§ **Brief**:
Leaving out the pictures, return each line of the entries from the first through the line with "Building Photo - 106 Confidence Cove", and only those lines.

§ **Short descriptive text snippets**:

::::::

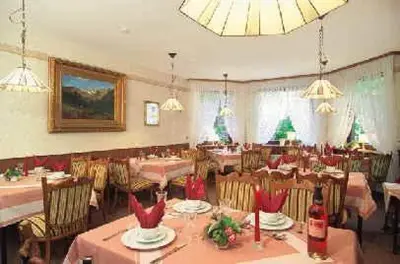 Ein Restaurant oder anderes Speiselokal in der Unterkunft Pension Villa Irene
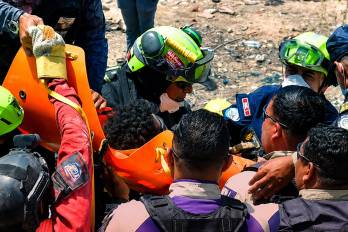 El rescate fue celebrado por los equipos de emergencia presentes en el lugar.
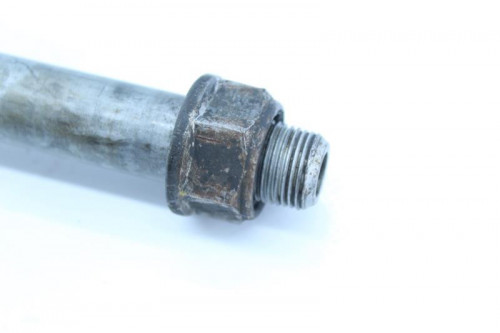 Axe de roue arriere HONDA 650 DEAUVILLE 1998 - 2001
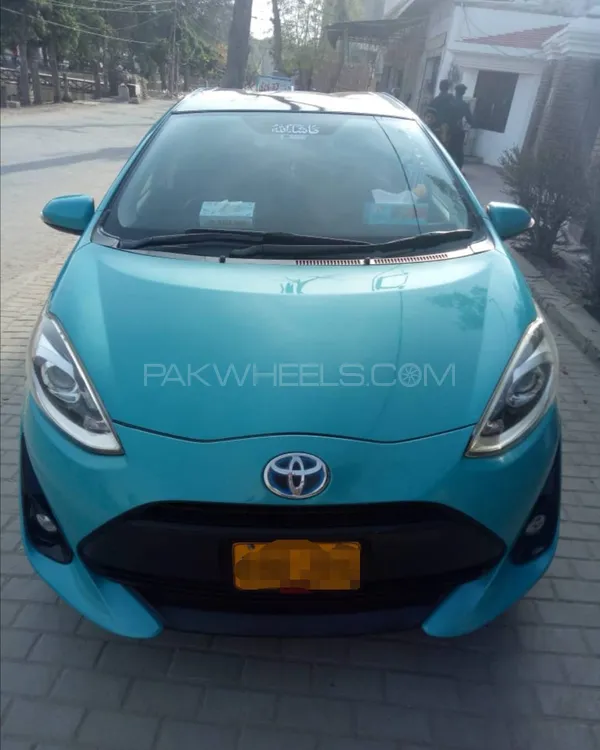 Toyota Aqua 2017 for Sale in Rahim Yar Khan Image-1
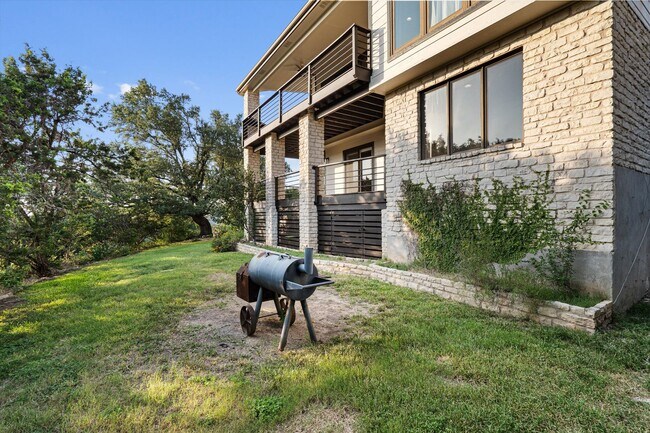 Building Photo - 106 Confidence Cove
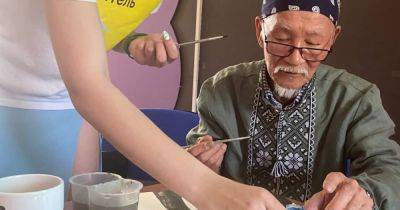 В Харькове 75-летнему японскому волонтеру подарили вышиванку-оберег - dsnews.ua - Украина - Киев - Япония - Харьков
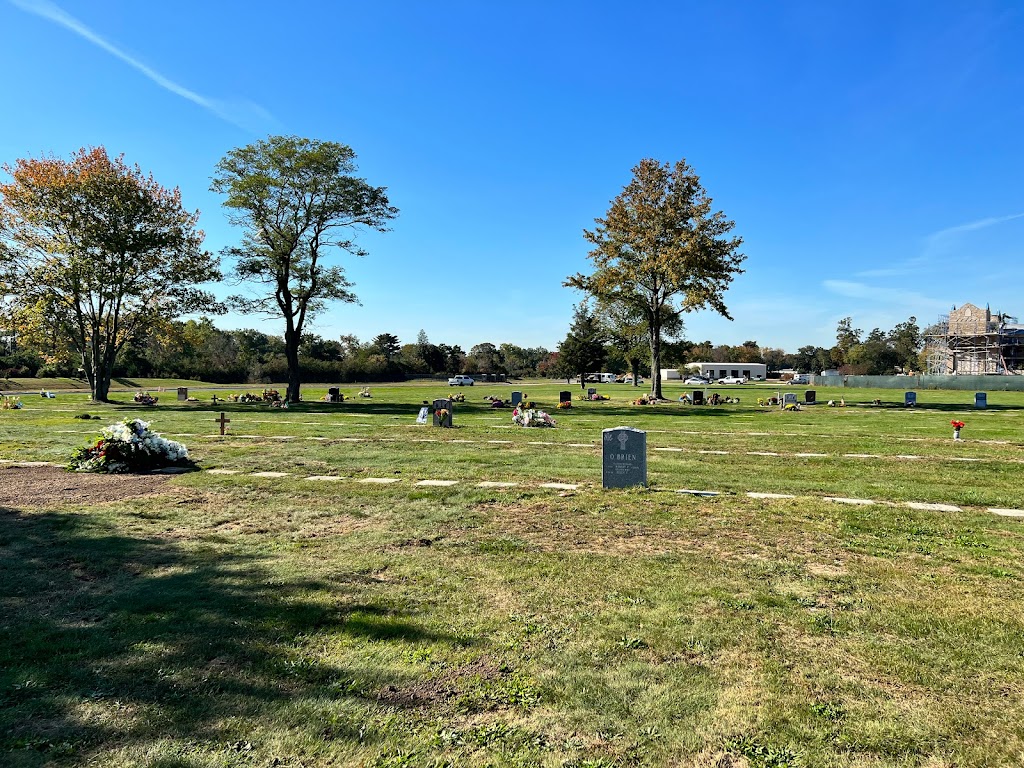 Queen Of Peace Cemetery | 16 Powells Ln, Old Westbury, NY 11568, USA | Phone: (516) 434-2439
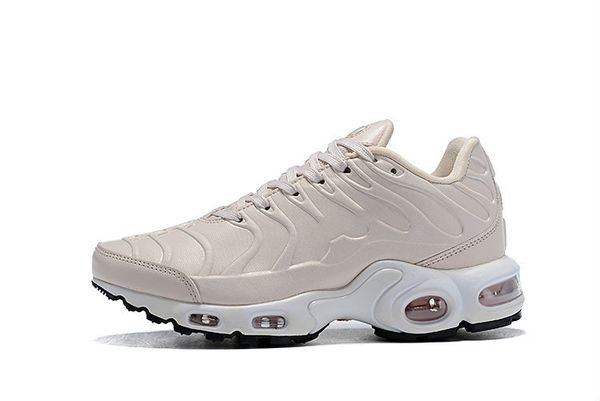 2020 sports shoes men women chaussures white black athletic casual luxury sneakers mesh sneakers size 40-46
2020 sports shoes men women chaussures white black athletic casual luxury sneakers mesh sneakers size 40-46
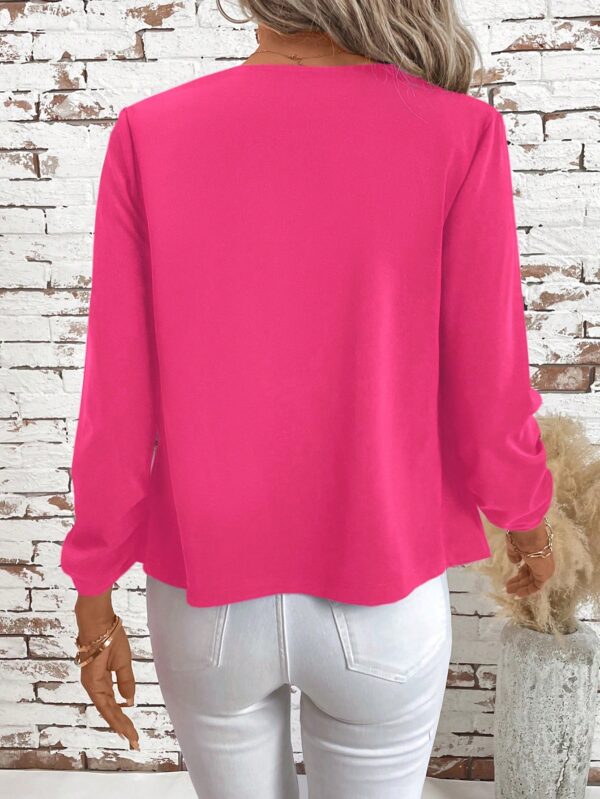 Chaqueta Elegante Negra con Mangas Plisadas Largas - Image 2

::::::

§ **Answer box**:
 Ein Restaurant oder anderes Speiselokal in der Unterkunft Pension Villa Irene
 El rescate fue celebrado por los equipos de emergencia presentes en el lugar.
 Axe de roue arriere HONDA 650 DEAUVILLE 1998 - 2001
 Toyota Aqua 2017 for Sale in Rahim Yar Khan Image-1
 Building Photo - 106 Confidence Cove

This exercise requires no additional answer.